▶ **YOUR INSTRUCTIONS**:
With all pictures excluded, restate the records that follow exactly as written.
SUPPLIED ENTRIES Block Start
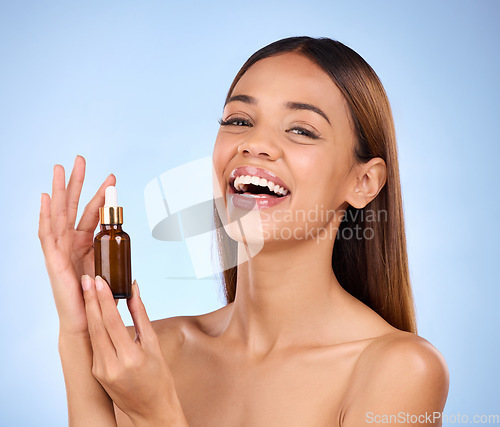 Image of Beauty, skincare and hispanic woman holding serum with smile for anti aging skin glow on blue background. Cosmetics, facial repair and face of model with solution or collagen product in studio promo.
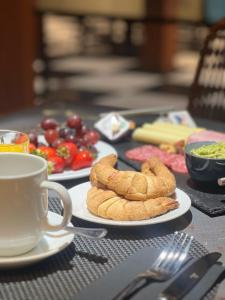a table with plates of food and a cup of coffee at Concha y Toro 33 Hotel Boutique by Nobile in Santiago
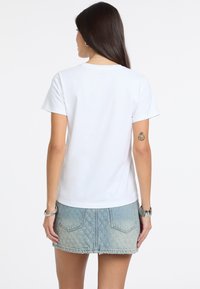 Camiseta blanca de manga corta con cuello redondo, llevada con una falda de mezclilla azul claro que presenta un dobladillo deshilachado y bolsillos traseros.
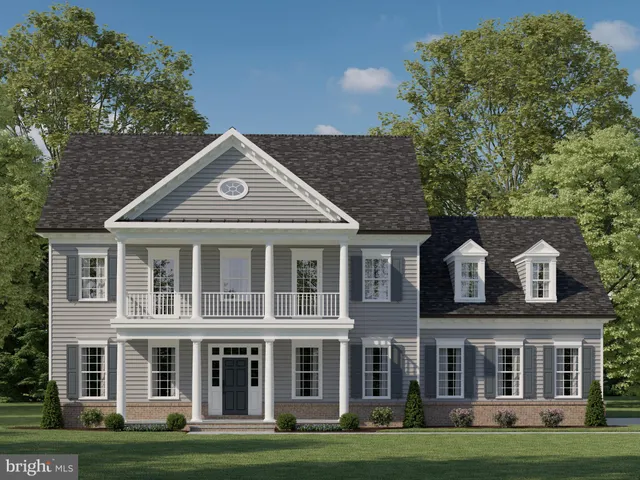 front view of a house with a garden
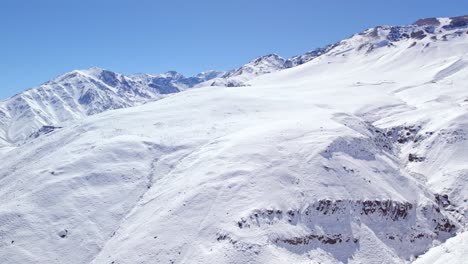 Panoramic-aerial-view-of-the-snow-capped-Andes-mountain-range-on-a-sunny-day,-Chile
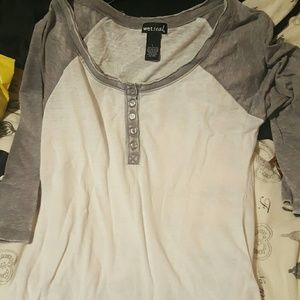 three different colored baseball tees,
SUPPLIED ENTRIES Block End
▶ **WRITTEN RESPONSE**:
 Image of Beauty, skincare and hispanic woman holding serum with smile for anti aging skin glow on blue background. Cosmetics, facial repair and face of model with solution or collagen product in studio promo.
a table with plates of food and a cup of coffee at Concha y Toro 33 Hotel Boutique by Nobile in Santiago
 Camiseta blanca de manga corta con cuello redondo, llevada con una falda de mezclilla azul claro que presenta un dobladillo deshilachado y bolsillos traseros.
 front view of a house with a garden
 Panoramic-aerial-view-of-the-snow-capped-Andes-mountain-range-on-a-sunny-day,-Chile
 three different colored baseball tees,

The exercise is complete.